I just started my second year of school and this semester I’m taking a module that has been prescribed to me — GEQ1000 Asking Questions. This is a module which is mandatory for the majority of students in my school, regardless of faculty. Not only was this a prescribed module, but it was also a pass-fail module. Which meant that you won’t get a grade that affects your Cumulative Average Point (CAP, or GPA in other schools).
Needless to say, the consensus toward a mandatory general education module is that it is not that important and no one’s really interested in modules like these. Being a pass-fail module, that also meant doing the bare minimum required to pass. I did some poking around online, reading the reviews posted by seniors and sure enough, they reflected the said consensus.
I too came into this module with low expectations, all ready to do the bare minimum. But, I was thoroughly surprised by the Philosophy segment in the first two weeks. The prof discussed the need for a module that teaches us something seemingly fundamental — asking questions. He discussed the irony of having a Question pillar as one of the five general education ‘pillars’. Questions often tear things down, while pillars should be doing the opposite.
I’m not going to delve too much into the content of the lectures but I think he did a great job proving the importance of this module, by tearing down numerous assumptions that many have made about the field of science, human nature and other supposedly ‘simple’ things, just by asking us questions. Seriously, more questions than answers were provided! For instance, have you ever wondered what a question truly is? What about the science behind questioning? Is it a sophisticated intellectual ability privy only to us advanced human beings, or something more primal and instinctive, shared by all animals?
So far, I’ve found this module extremely interesting, and even somewhat mind-blowing. But then again it’s only the second week and I might not enjoy the other non-philosophy segments as much. We shall see. I shall end with a quote by Sylvain Bromberger that was mentioned in the lecture.
We find ourselves, as individuals and as communities willy-nilly cast in a world not of our making, in which we want to survive, if possible to thrive, and whose features we want to understand. We start out with little prior information about that world, but we are endowed with the ability to come to know that there are things about it that we don’t know, that is, with the ability to formulate and to entertain questions whose answers we know we do not know. It is an enormously complex ability derived from many auxiliary abilities. And it induces the wish to know the answer to some of these questions. Scientific research represents our most reasonable and responsible way of trying to satisfy that wish. That is its most tenable defining goal…
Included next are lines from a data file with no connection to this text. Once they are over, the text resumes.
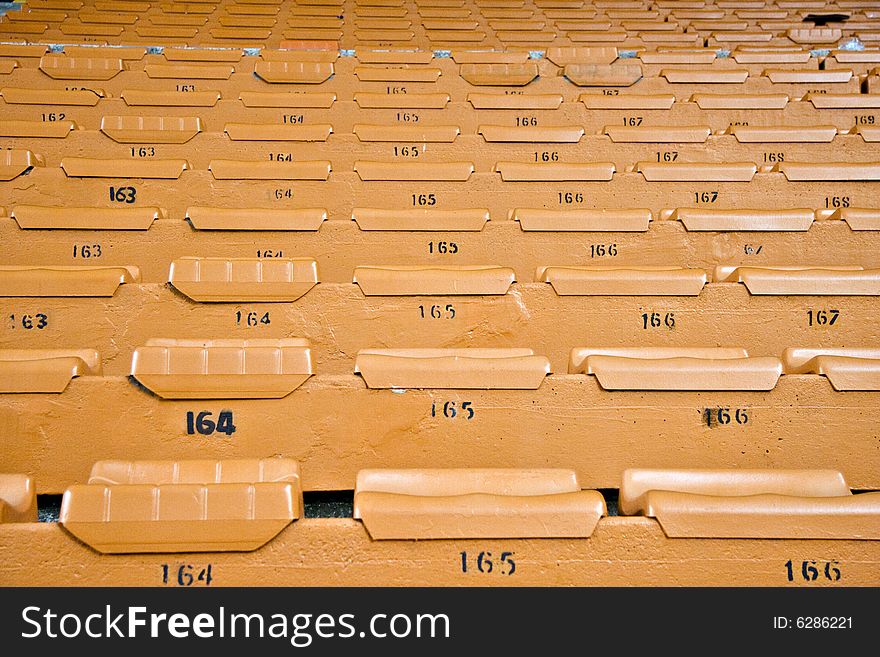 Rows of unused stadium seating - landscape exterior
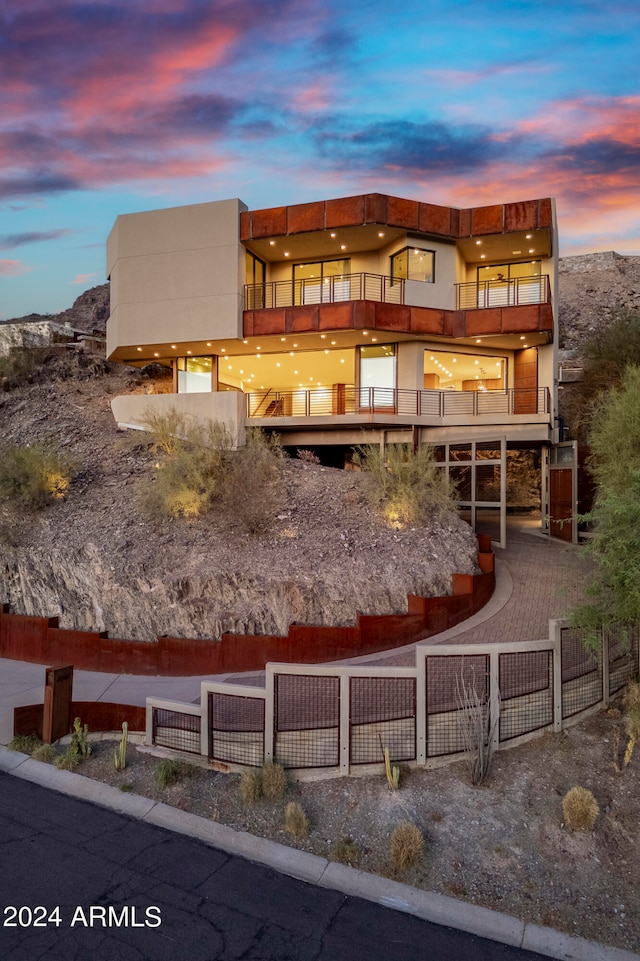 view of front of home featuring a balcony and a mountain view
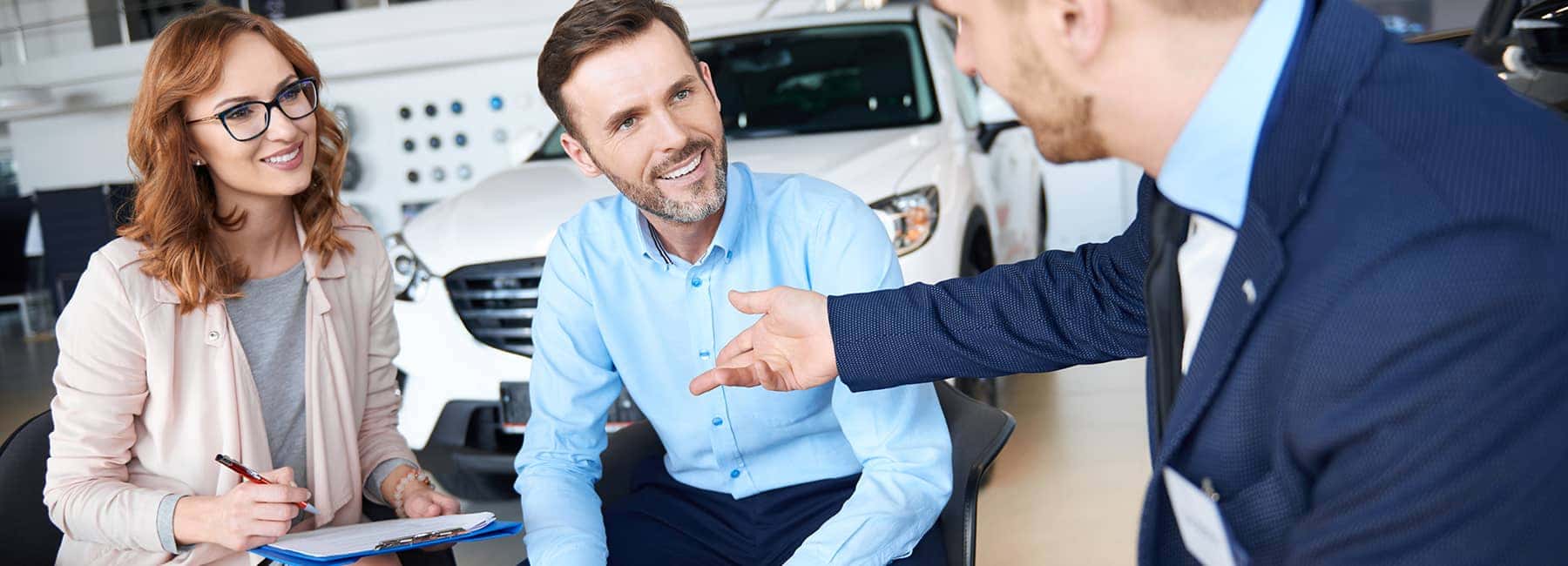 Happy customers buying a car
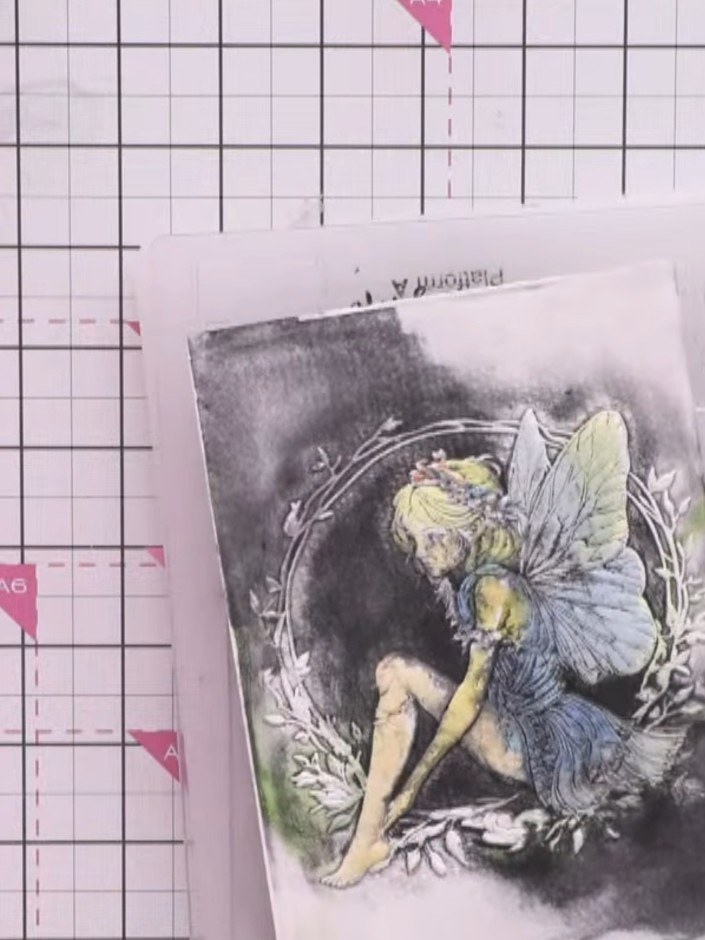 Step 12: If the fairy's face has become too dark, use a white ink pad to gently dab over the face area to lighten it an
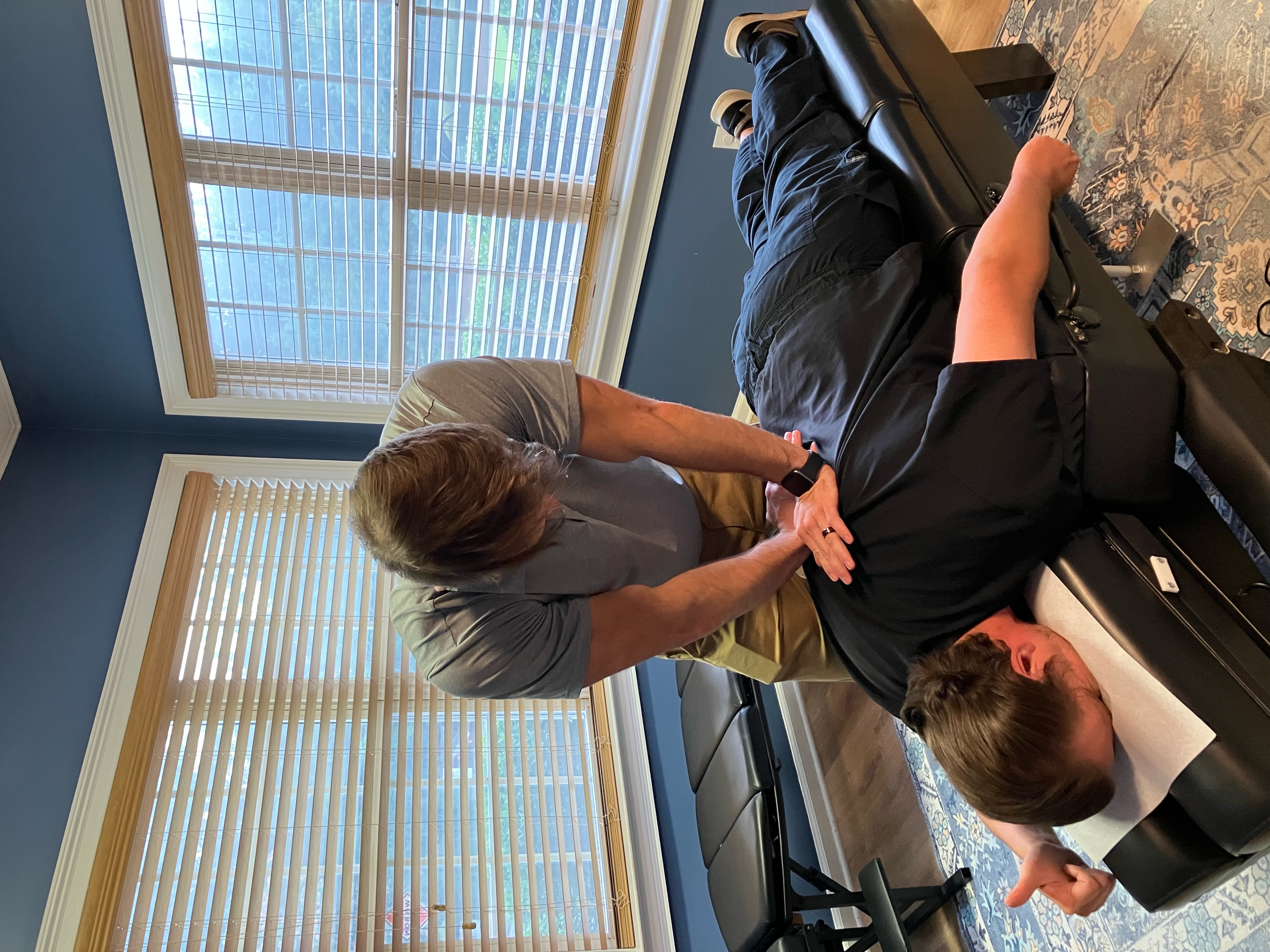 Dr. Morgan Stauffer performing a chiropractic adjustment in Woodstock, GA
However, in seeking its goal science repeatedly runs into difficulties. Many of these difficulties are physical in nature and call for the design of new and more powerful instruments. Others are psychological and call for the invention of devices that supplement our memory and our computational powers. Still others, and those are the ones that are relevant here, are intellectual and pertain to our ability to conceive, formulate, consider, connect, and assess questions, and to our ability to conceive, formulate, consider, connect and assess answers. These sorts of difficulties often call for inspiration and creative intelligence. Careful observation and description are not enough.